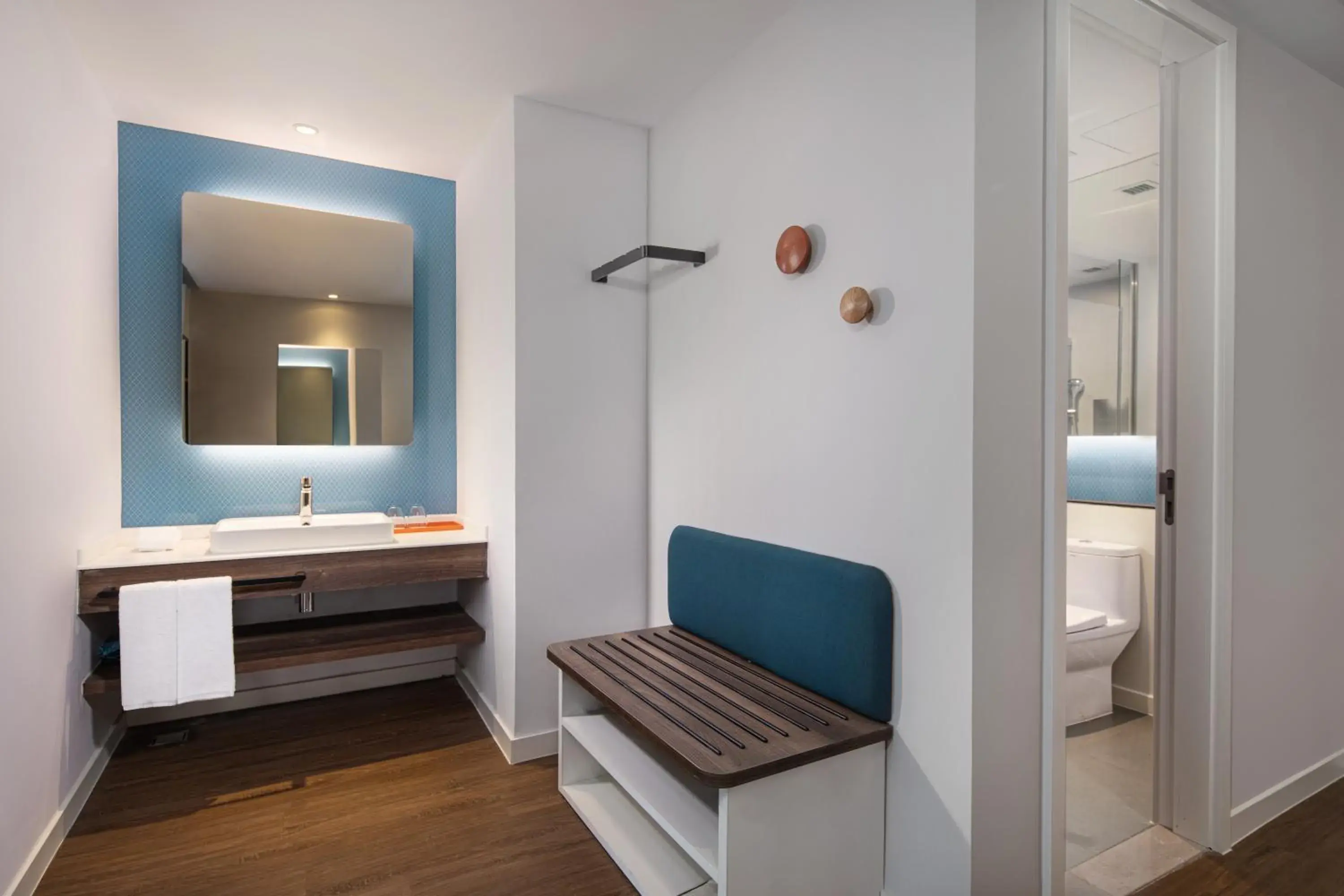 Double Room with Mobility Accessible Roll In Shower in Holiday Inn Express Langfang New Chaoyang by IHG Double Room with Mobility Accessible Roll In Shower in Holiday Inn Express Langfang New Chaoyang by IHG
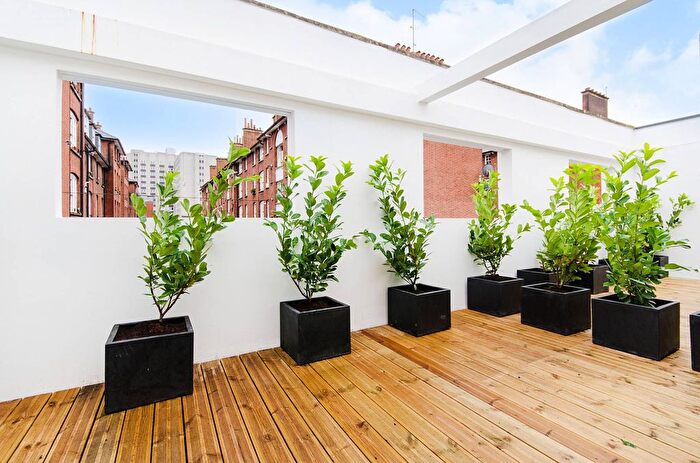 1 Bedroom Flat To Rent In Ariana Apartments, Fulham, London, SW6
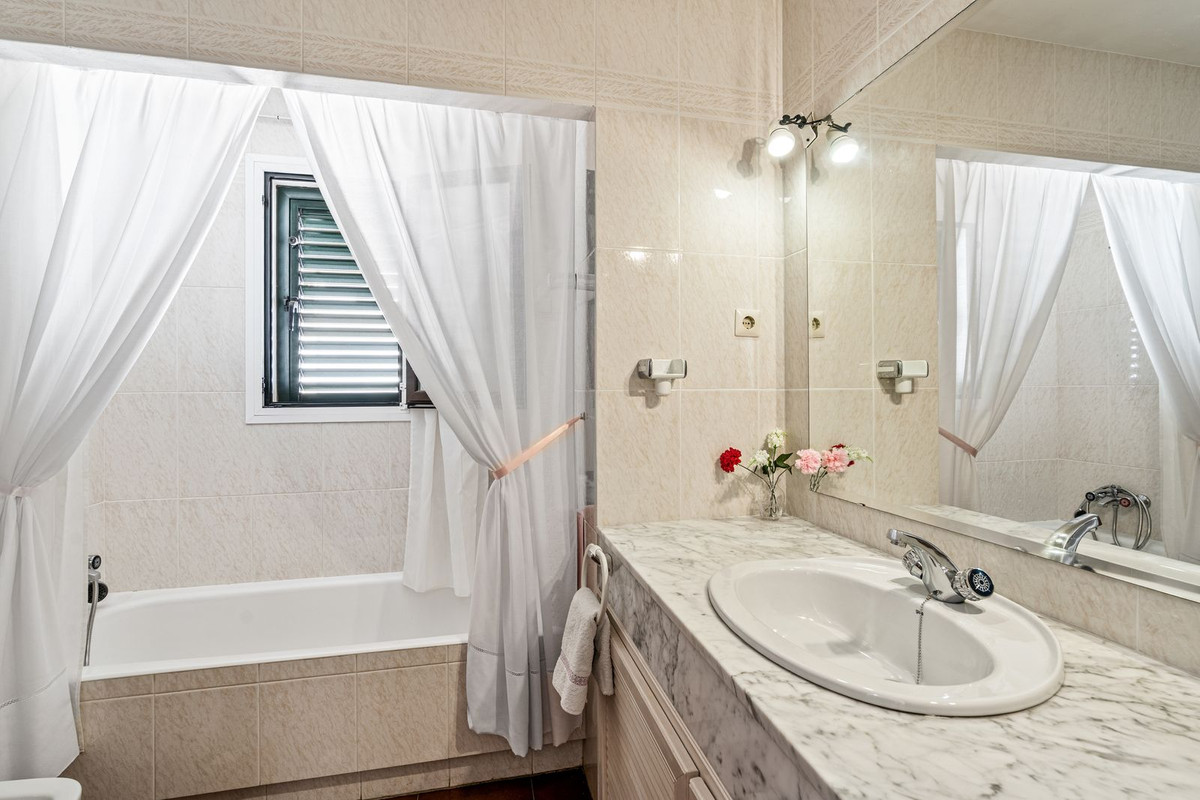 Huis te koop in Arroyo de la Miel | 5 slaapkamers H5253181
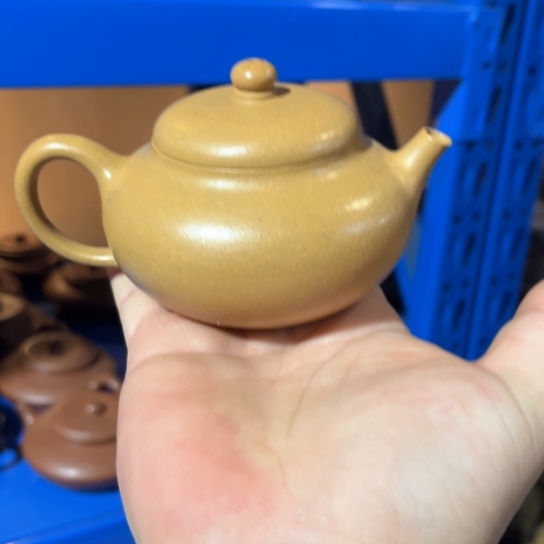 紫砂茶壶瑕疵………………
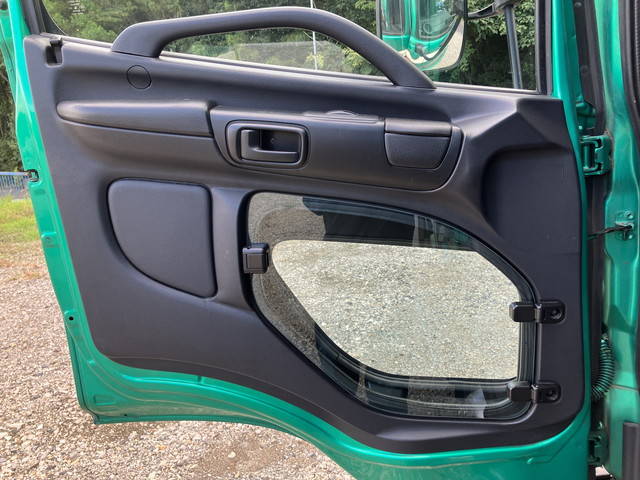 日野レンジャーアルミブロック中型（4t）[写真25]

^^^^^^^^

What you need to do :: The entries above are to be printed again word for word, with every picture removed.

Output for this task ::
 Double Room with Mobility Accessible Roll In Shower in Holiday Inn Express Langfang New Chaoyang by IHG Double Room with Mobility Accessible Roll In Shower in Holiday Inn Express Langfang New Chaoyang by IHG
 1 Bedroom Flat To Rent In Ariana Apartments, Fulham, London, SW6
 Huis te koop in Arroyo de la Miel | 5 slaapkamers H5253181
 紫砂茶壶瑕疵………………
 日野レンジャーアルミブロック中型（4t）[写真25]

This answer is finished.